And she warned: “No such approach works unless you stick at it. There’s no use doing this for two or 3 years and then forgetting about it – you have to make a extended-term investment in this type of alter capability.”Laura Chan, one of the co-founders of the Marco Polo Academy, a bilingual Mandarin-English primary school opening in Barnet next September as portion of the free of charge schools programme, explained the prime minister’s announcement was very good information for the standing of Mandarin.


“It’s a wonderful aid. It will enhance people’s awareness of Mandarin as a language they can understand,” she mentioned.


“One particular purpose we desired to set up the free of charge school is that the educating of language in the Uk is not especially effective, specially for young children.”


From September 2014, studying foreign languages will be compulsory in main colleges under the new nationwide curriculum.

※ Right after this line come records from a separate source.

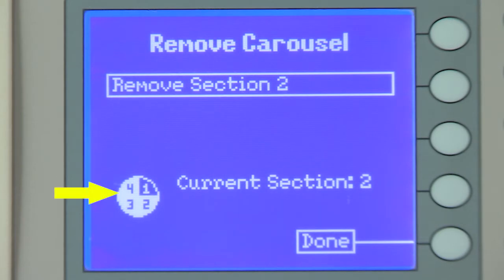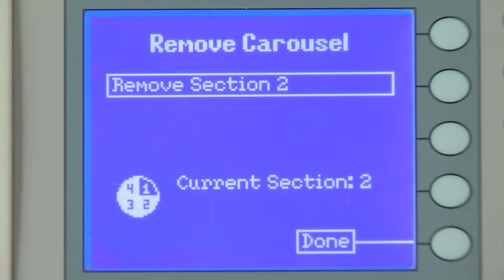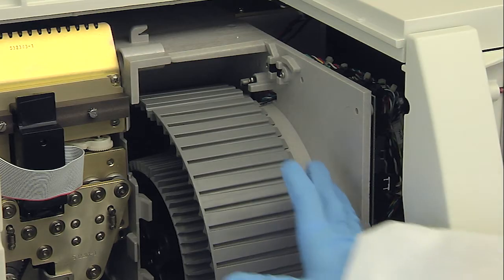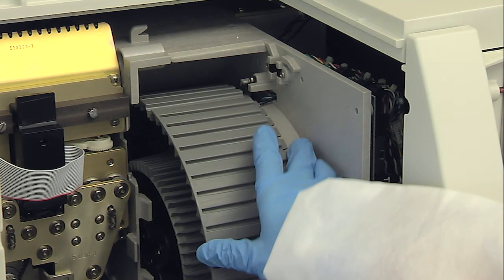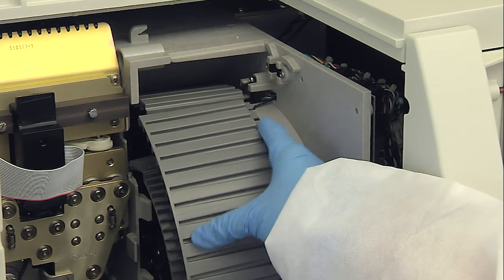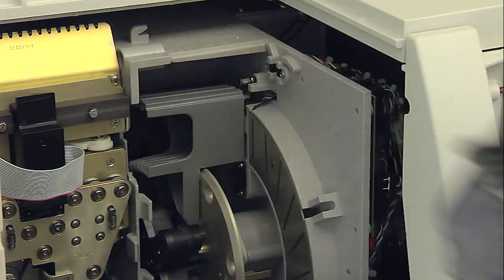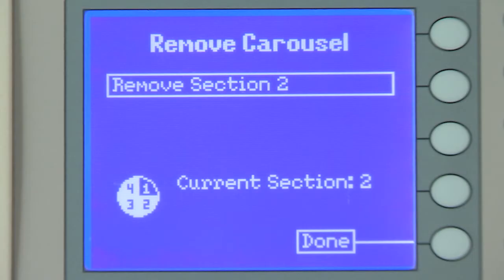The carousel icon on the screen indicates one fewer section. In this example, three of four sections remain on the carousel. When the message Remove Section 2 displays on the screen, grasp the second carousel section, tilt it to the left, and pull it up and away from the instrument.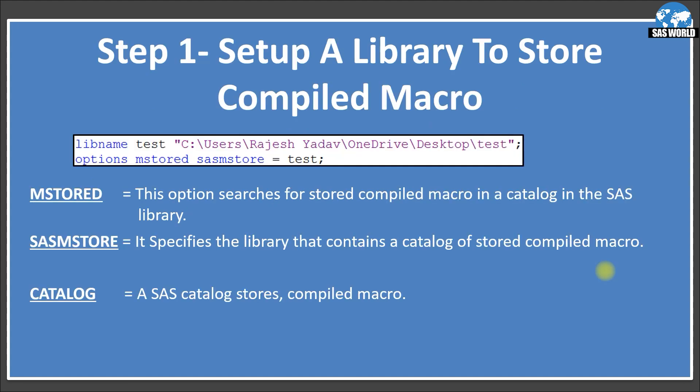Step one: set up a library to store the compiled macro. First, we create a library using the LIBNAME statement — LIBNAME with a library reference 'test' pointing to a location. After that, we use options to enable the stored compiled macro facility: OPTIONS MSTORED SASMSTORE=test. MSTORED means this option searches for stored compiled macros in a catalog in the SAS library. SASMSTORE specifies the library that contains the catalog of stored compiled macros — in our case, the test library.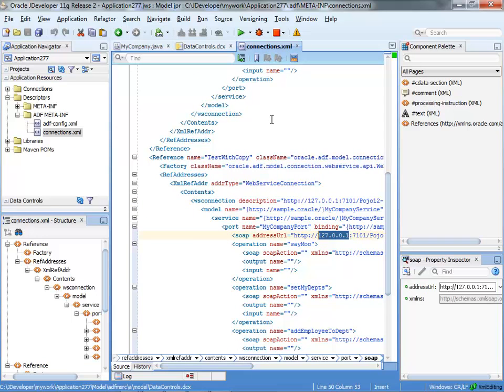And that should get you up and running with web services even if they update their location or update their signature.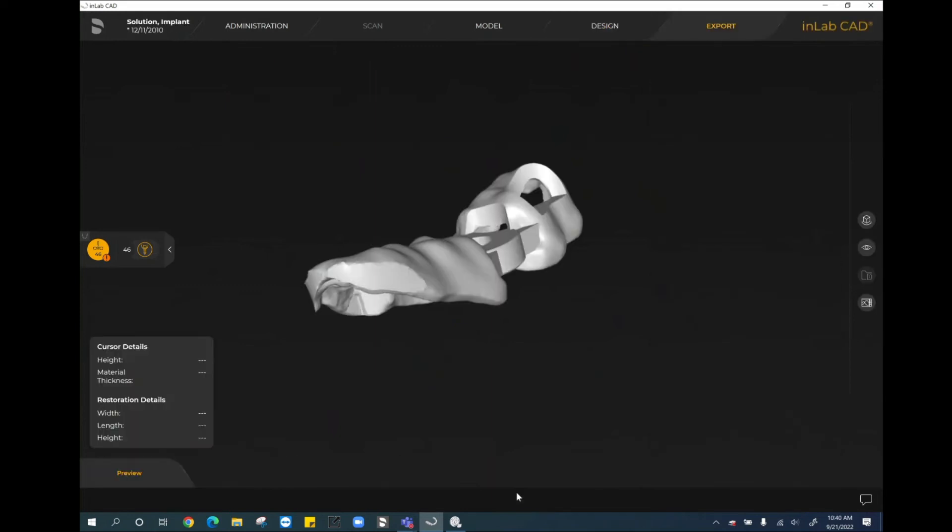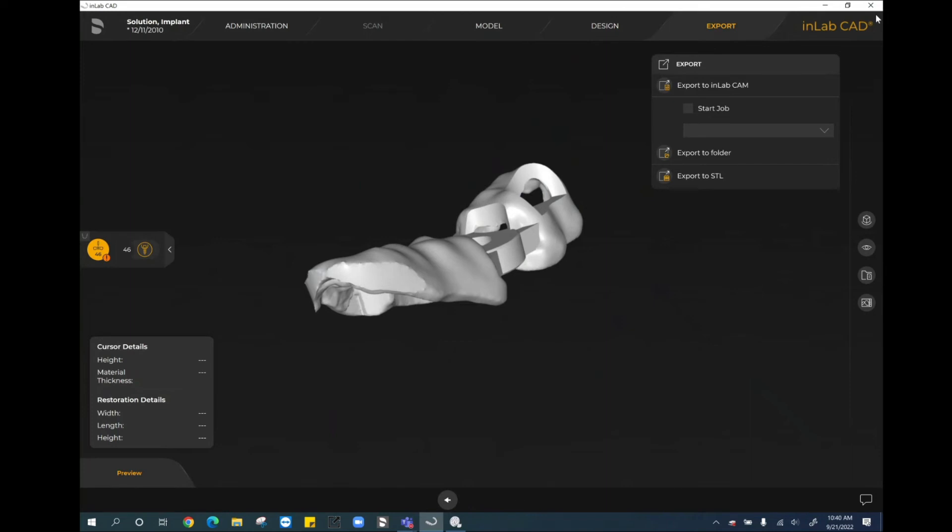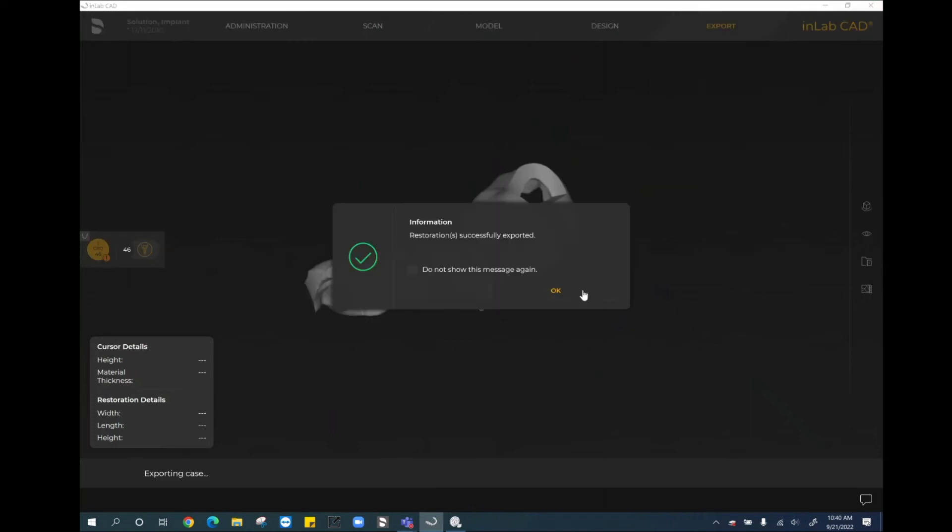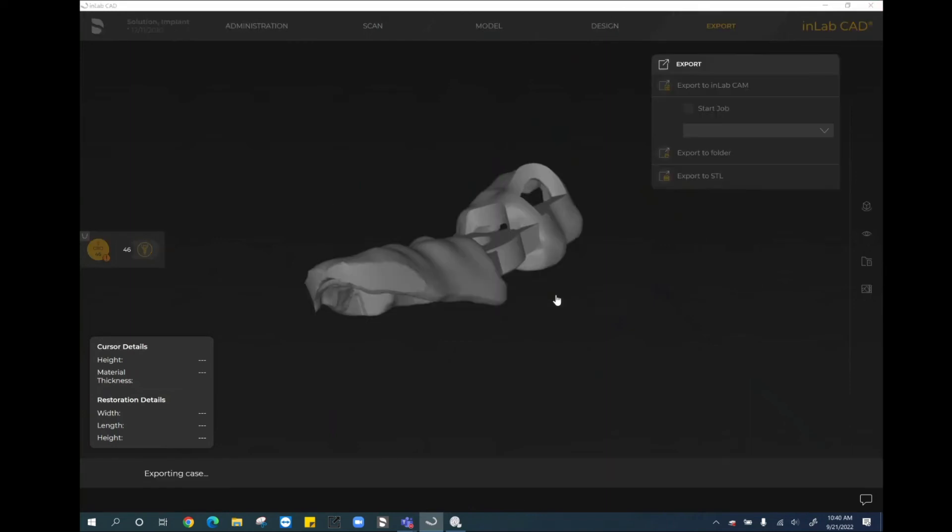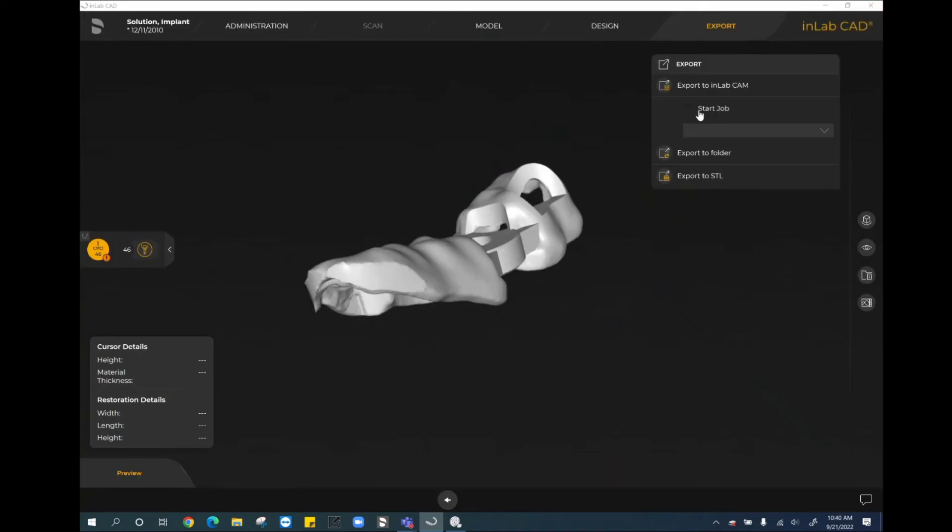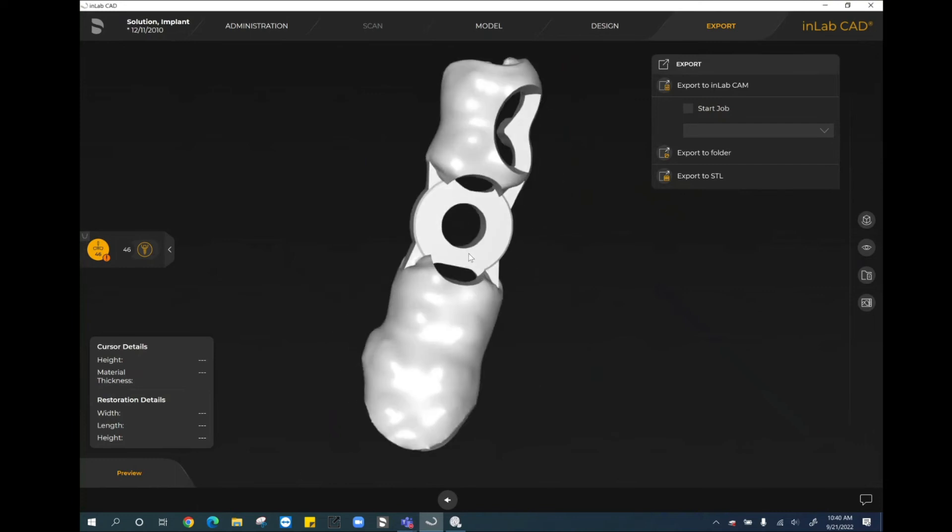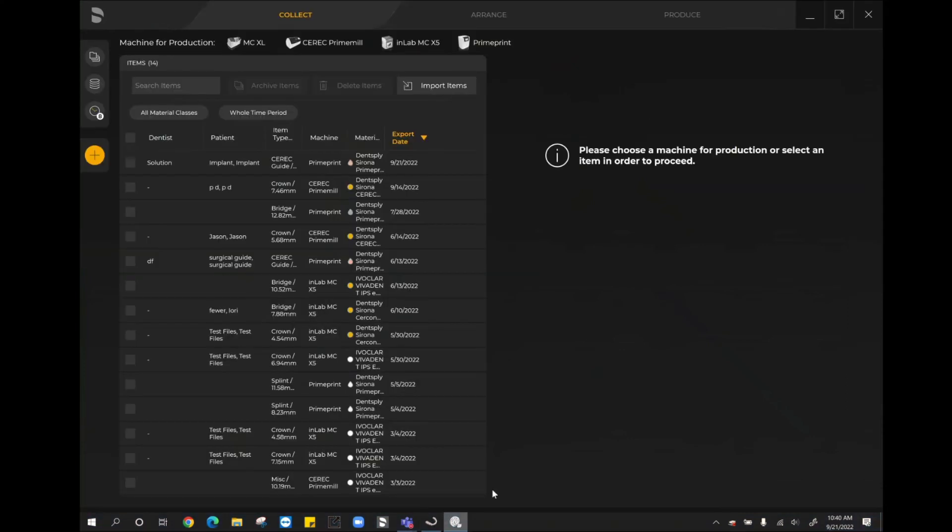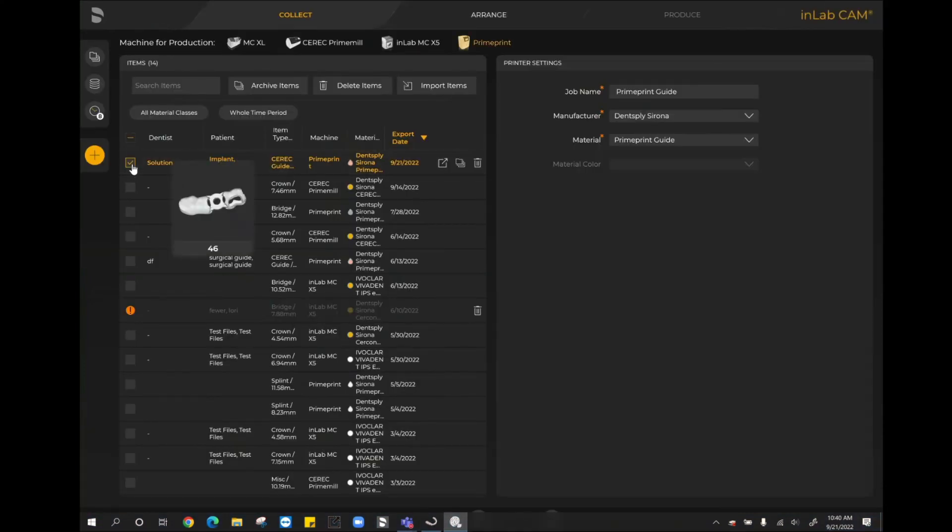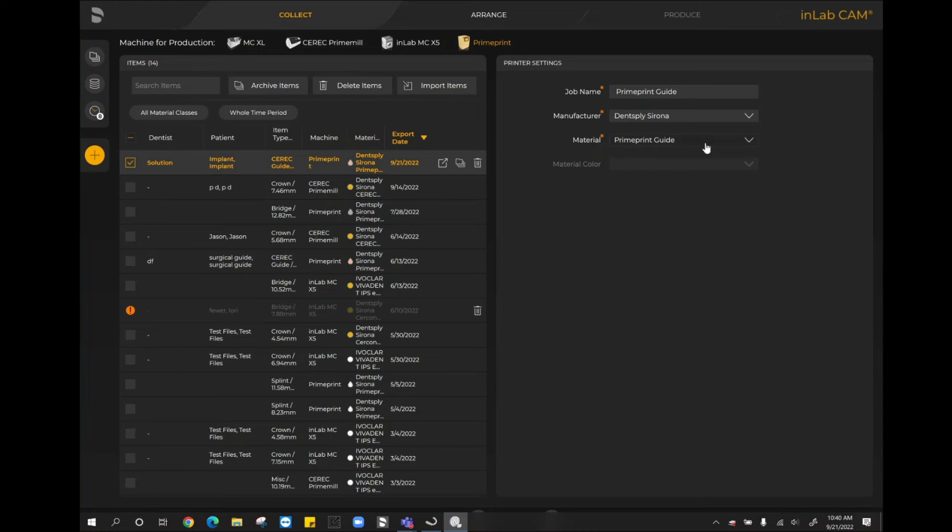When we move forward to the finalize phase, if you are using the Prime Print, you are able to export it directly to InLab CAM. You could also have selected the start job option. If you wanted to hit start job, you can identify that you want the job to start right away in the printer and basically getting it prepared in the CAM software. It would just require a little bit of confirmation and hitting start on the printer. However, I selected export to InLab CAM. So now when I open up my CAM software, I can see here on my first option here, this is the case that I just exported to myself. And again, it automatically knows that I can move forward with the Prime Print guide material.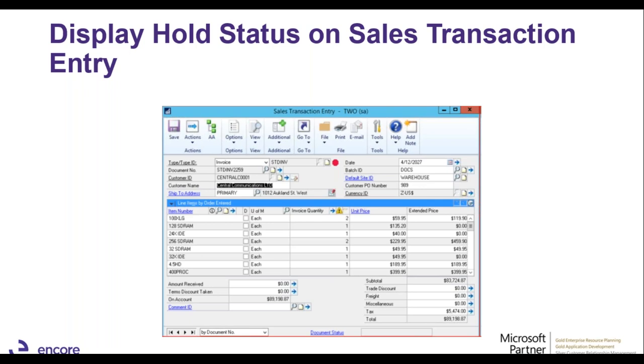Those were the main features for Dynamics GP 2018. We'll be providing a document showing the different features between versions from GP 2013 all the way up to GP 2018. If there's something of interest, we'll be able to discuss it and help you implement it. That's all I have for my presentation — we'll flip it back to Jess to see if there are any questions from the audience.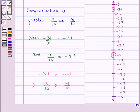So in this session, you have learnt how to compare two fractions on a number line. And this completes our session. Hope you all have enjoyed the session.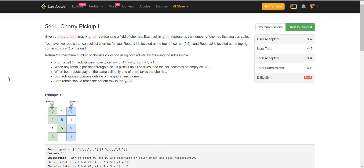Hello everyone. Welcome back to LeadCoding. In this video, we are going to solve two problems from the LeetCode weekly contest. The first problem is Cherry Pickup 2.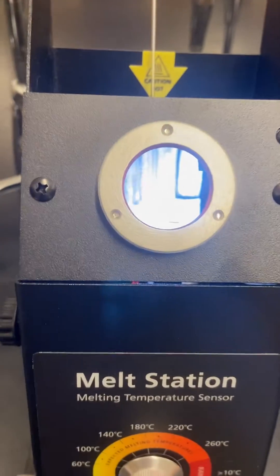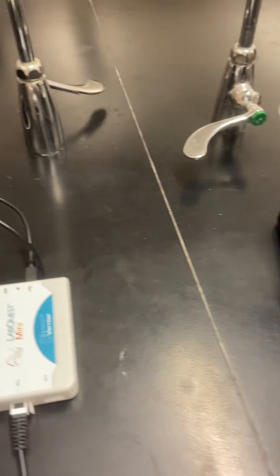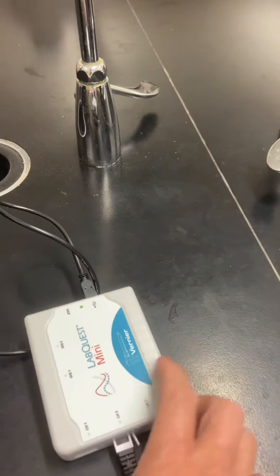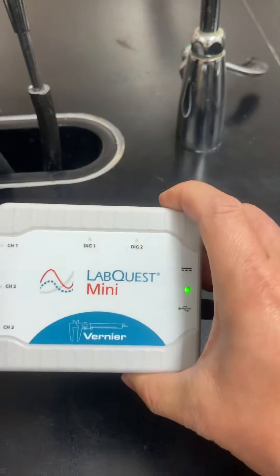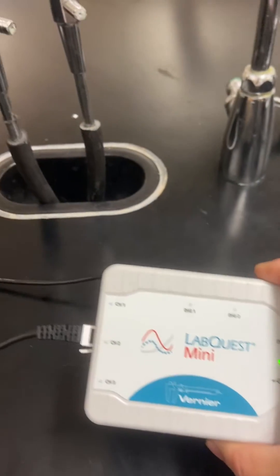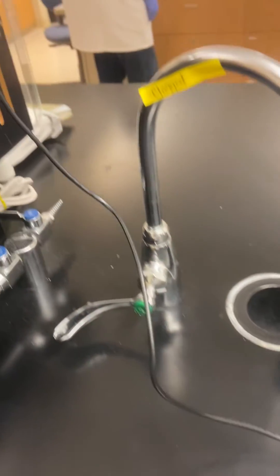The melt station should be connected to a component called the LabQuest Mini, and this is connected to the PC.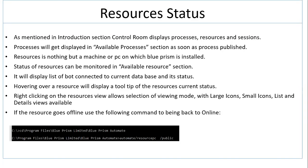Right click on the resource view allows selection of view mode: large icon, small icon, list, and details view. If the resource goes offline, use the following command to bring it back online.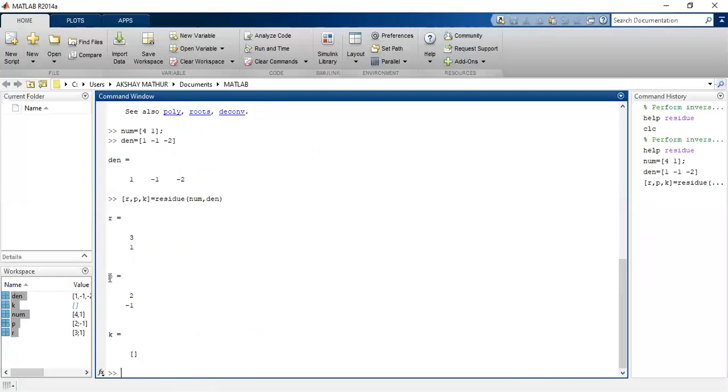So what does it mean? We have broken it into a partial fraction. Let us see again how have I done this.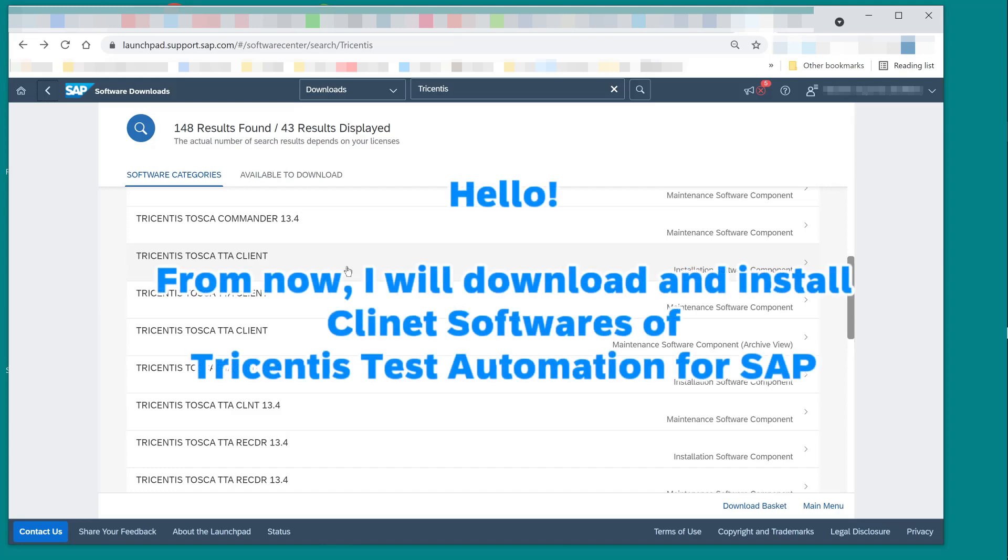Hello. From now, I will download and install client software of Tricentis Test Automation for SAP.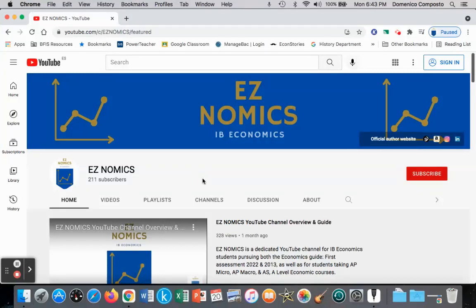Hello, this is Domenico with EZNomics, and today we're going to discuss the short-run aggregate supply curve and why it is upward sloping.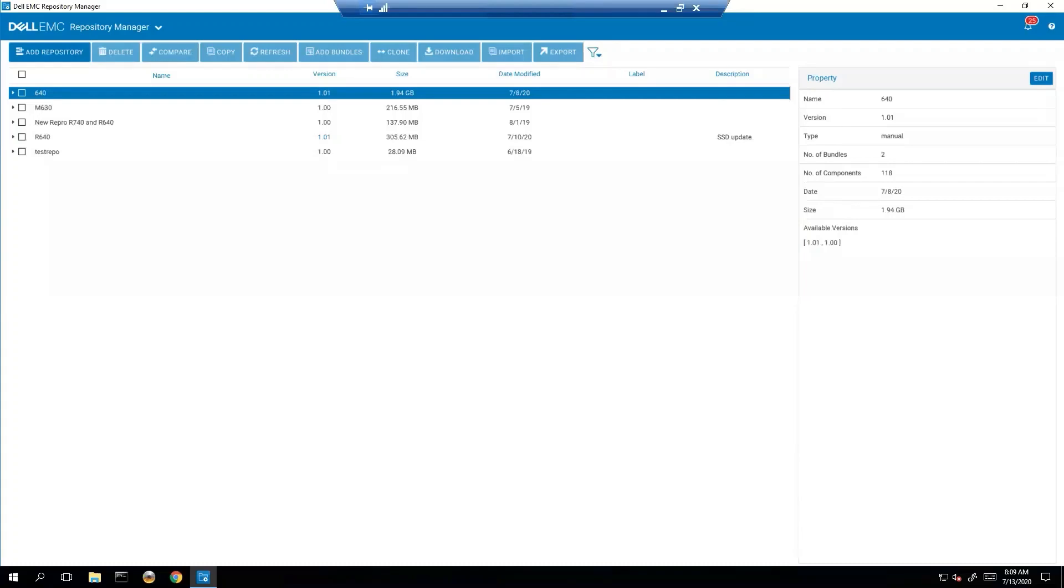Good morning, good afternoon, and good evening. My name is Dustin. I am a subject matter expert in the systems management space. Today, I will be going over working with bundles using Dell Repository Manager.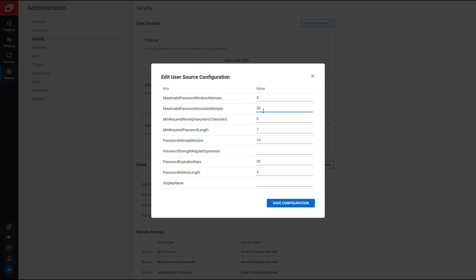Next, Min Required Non-Alphameric Characters sets the number of special characters that are required in a password. I will set this to one.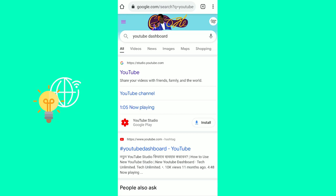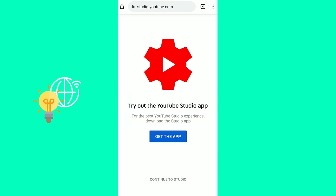The first link would be studio.youtube.com. You want to click that. If you have the app, this won't work, so you have to uninstall the app first, and click continue to studio over here at the bottom.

David Cameron urges British students to ditch French and learn Mandarin

3 Aralık 2013 Salı

A blanket opposition to education funding cuts isn"t the answer | Daniel Carr and Cameron M Knott

The Coalition program to save $ 2.4bn in higher schooling funding, initial proposed by the Gillard government in April, is now in jeopardy as a outcome of Labor’s determination to heed calls from the Greens to block the legislation in the Senate. Half of the cost savings will come from imposing an efficiency dividend on universities and lowering reductions for early charge repayments, with another $ 1.2bn saved by converting pupil commence-up scholarships into HECS-Assist fashion loans.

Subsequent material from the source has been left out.